Oui, je serais sans doute plus heureux si j’aimais ma femme... Mais suis-je le maître de ce sentiment-là ?
J’ai fait l’impossible, mon cher oncle, pour me vaincre sur la répugnance qu’elle m’a inspirée dès le premier moment ; je n’en ai jamais été le maître. Qui sut mieux que vous comment j’ai été marié, dans quelle circonstance ? Etait-il temps de me dédire quand je suis arrivé à Paris ? Tous les préparatifs étaient faits, le roi avait signé, chose qui n’a jamais été sans la présence du prétendu, remarque faite par tout Paris.
Eh bien, j’ai fait ce qu’à la vérité un honnête homme ne devrait jamais faire : ma bouche a promis ce que mon cœur ne pouvait tenir. Et cessant de me croire engagé parce que je ne l’étais que pour la forme, j’ai cru que tout mon devoir consistait à cacher mes vrais sentiments.

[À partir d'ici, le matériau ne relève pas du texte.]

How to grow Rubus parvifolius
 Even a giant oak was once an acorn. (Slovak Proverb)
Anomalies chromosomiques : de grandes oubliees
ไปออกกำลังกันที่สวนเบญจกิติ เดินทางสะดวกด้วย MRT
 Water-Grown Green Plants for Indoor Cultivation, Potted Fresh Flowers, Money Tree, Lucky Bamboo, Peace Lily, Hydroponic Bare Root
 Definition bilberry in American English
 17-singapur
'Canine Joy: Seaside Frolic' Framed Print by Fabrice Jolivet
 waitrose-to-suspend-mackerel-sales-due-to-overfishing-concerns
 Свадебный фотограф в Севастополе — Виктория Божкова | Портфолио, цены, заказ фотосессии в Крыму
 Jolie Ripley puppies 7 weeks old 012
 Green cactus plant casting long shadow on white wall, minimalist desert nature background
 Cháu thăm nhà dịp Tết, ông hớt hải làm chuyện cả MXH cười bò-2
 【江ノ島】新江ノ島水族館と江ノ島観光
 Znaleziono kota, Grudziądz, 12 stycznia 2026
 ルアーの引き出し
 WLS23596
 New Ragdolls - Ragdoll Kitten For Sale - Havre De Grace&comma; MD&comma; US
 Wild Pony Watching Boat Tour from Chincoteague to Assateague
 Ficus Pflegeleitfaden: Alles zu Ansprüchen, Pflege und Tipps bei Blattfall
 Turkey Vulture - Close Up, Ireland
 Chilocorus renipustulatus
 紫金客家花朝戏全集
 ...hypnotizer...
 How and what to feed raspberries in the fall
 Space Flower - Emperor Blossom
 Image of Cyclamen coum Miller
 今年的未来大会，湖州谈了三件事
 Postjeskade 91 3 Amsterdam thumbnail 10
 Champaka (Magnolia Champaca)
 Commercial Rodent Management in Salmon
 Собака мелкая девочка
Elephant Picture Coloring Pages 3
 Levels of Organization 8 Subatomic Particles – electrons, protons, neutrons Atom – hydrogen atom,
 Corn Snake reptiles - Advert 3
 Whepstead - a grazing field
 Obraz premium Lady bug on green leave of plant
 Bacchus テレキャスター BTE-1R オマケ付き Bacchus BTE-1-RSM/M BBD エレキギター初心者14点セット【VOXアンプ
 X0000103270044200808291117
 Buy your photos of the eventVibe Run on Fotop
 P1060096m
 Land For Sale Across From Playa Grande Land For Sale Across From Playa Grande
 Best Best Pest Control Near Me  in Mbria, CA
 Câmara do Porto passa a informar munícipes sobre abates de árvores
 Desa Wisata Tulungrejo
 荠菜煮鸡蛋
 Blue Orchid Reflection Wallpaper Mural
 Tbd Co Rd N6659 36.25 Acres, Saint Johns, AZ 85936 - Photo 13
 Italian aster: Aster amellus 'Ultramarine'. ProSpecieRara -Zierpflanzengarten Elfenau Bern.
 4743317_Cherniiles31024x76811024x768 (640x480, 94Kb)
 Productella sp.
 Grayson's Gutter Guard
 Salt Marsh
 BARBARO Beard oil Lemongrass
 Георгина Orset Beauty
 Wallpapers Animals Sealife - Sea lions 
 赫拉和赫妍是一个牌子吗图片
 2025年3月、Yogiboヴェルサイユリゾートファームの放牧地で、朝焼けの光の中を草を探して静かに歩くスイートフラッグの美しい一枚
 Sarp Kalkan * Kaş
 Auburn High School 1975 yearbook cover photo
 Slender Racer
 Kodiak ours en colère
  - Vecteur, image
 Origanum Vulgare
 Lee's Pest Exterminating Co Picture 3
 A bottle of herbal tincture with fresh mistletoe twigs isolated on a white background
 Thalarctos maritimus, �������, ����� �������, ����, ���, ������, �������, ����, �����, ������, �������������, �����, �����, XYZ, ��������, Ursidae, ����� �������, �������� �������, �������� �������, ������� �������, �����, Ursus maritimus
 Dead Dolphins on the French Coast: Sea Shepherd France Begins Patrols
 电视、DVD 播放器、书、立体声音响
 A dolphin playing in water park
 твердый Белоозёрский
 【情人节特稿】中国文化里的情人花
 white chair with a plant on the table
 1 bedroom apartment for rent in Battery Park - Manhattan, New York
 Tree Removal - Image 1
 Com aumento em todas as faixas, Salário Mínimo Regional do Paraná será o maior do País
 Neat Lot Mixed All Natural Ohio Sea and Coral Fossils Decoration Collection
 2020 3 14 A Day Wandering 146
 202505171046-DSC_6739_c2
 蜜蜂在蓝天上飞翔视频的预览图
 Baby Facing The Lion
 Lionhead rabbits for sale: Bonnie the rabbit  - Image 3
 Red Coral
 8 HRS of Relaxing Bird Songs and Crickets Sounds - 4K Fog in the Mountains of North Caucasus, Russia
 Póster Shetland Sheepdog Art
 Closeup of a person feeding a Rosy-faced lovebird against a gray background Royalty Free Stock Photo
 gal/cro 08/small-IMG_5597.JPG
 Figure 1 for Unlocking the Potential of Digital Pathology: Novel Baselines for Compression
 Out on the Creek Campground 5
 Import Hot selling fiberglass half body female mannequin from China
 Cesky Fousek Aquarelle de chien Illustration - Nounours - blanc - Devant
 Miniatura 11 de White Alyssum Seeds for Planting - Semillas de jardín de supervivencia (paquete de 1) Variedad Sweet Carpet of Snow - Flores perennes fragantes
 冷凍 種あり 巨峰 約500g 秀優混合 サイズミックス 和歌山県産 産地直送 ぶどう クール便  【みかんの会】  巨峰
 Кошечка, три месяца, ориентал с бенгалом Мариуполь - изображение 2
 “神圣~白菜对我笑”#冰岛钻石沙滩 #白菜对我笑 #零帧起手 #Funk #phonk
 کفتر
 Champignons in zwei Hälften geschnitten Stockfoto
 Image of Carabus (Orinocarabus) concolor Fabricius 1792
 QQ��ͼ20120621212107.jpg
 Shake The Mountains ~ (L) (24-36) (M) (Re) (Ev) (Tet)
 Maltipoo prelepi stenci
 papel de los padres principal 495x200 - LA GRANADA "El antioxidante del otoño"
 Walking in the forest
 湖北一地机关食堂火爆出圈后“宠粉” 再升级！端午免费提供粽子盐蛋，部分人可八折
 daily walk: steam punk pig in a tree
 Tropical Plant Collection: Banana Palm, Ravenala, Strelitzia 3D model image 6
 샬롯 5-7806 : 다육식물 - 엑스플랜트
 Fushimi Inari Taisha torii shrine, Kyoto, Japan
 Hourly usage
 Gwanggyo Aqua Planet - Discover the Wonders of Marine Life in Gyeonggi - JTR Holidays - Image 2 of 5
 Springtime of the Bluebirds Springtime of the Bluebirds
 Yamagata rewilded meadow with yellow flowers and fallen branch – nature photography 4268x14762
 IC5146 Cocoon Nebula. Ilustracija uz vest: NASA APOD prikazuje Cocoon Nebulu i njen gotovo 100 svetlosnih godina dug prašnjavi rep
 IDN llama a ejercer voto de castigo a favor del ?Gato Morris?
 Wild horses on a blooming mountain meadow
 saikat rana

Je me suis presque abusé moi-même et l’obligation d’être faux en engourdissant les vrais sentiments de mon cœur me fit un instant trouver mon devoir moins lourd en me déguisant la haine, las d’être si longtemps contraint et d’avoir dit depuis deux ans : « je vous aime », sans le penser ; je cherchais à le penser pour avoir du plaisir à le dire.
Je vis clair alors, mais en me reprochant d’avoir trompé, je projetais de tromper encore mieux.
Mais soit qu’il y eut moins de fausseté, ou que mon cœur fut mieux abusé, je n’eus pas les mêmes remords. Voilà où je suis, situation affreuse sans doute, mais moins cruelle que celle où j’étais... Ah ! croyez-moi mon cher oncle, je suis plus digne d’être plaint que d’être blâmé.